Cline’s work stumbles when it drowns in details, and Spielberg has the intuition to know what works as cinema. His Ready Player One has rampaging races on streets where dinosaurs out of Jurassic Park and King Kong roam instead of solitary characters playing 8-bit arcade games. It has an irreverent take on Stanley Kubrick’s The Shining where the characters interact with the infamous movie’s most famous horror set-pieces instead of a word-for-word replay of obscure cinematic gems from several decades ago.

Spielberg recruits common sense in carving a blockbuster out of a book that delights in all things obscure. While the film is a lot simpler in terms of theme and tone, it makes up with its ability to enchant from start to finish. Its characters may be less complex than the novel’s, but they at least have a definite sense of humor. 

Spielberg has a flair for spectacle and melodrama. More importantly, he aims to please the masses and not just a certain niche, and he goes for the common denominator. He has Cline’s characters go through their quest revealing artifacts that are exactly what the nostalgia-hungry moviegoers of 2018 want. They want Chucky on a stabbing spree. They want the Iron Giant battling kaiju.

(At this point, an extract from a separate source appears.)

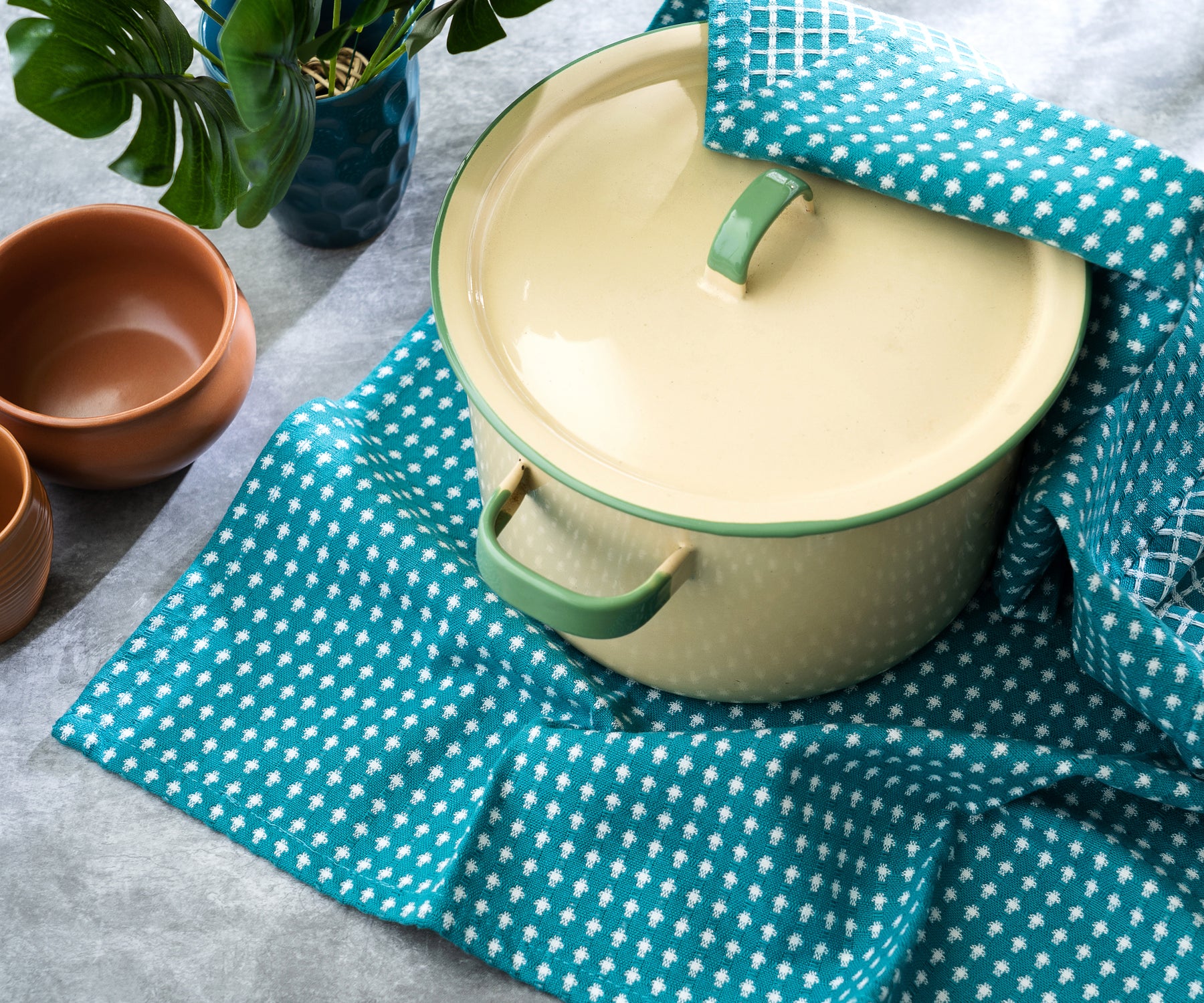 Treat yourself to the ultimate kitchen essential that combines practicality with style. Treat yourself to the ultimate kitchen essential that combines practicality with style.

READY, GO! Wade in his virtual form and accompanied by a friend.

Ready Player One satisfies as a treasure trove of what connects almost everyone as consumers of pop entertainment.

Butter, cheese, or barbecue

As a result of its stubborn refusal to surrender to the rigors of coming up with a faithful adaptation, Spielberg’s film manages to be a silly but still top-notch adventure.

Ready Player One is popcorn entertainment that everyone can enjoy. This isn’t one flavored with wasabi or some other strange taste that a select few will understand and take pleasure in. It is butter, cheese, or barbecue. It is bound to please everybody. – Rappler.com

Francis Joseph Cruz litigates for a living and writes about cinema for fun. The first Filipino movie he saw in the theaters was Carlo J. Caparas’ Tirad Pass. Since then, he’s been on a mission to find better memories with Philippine cinema.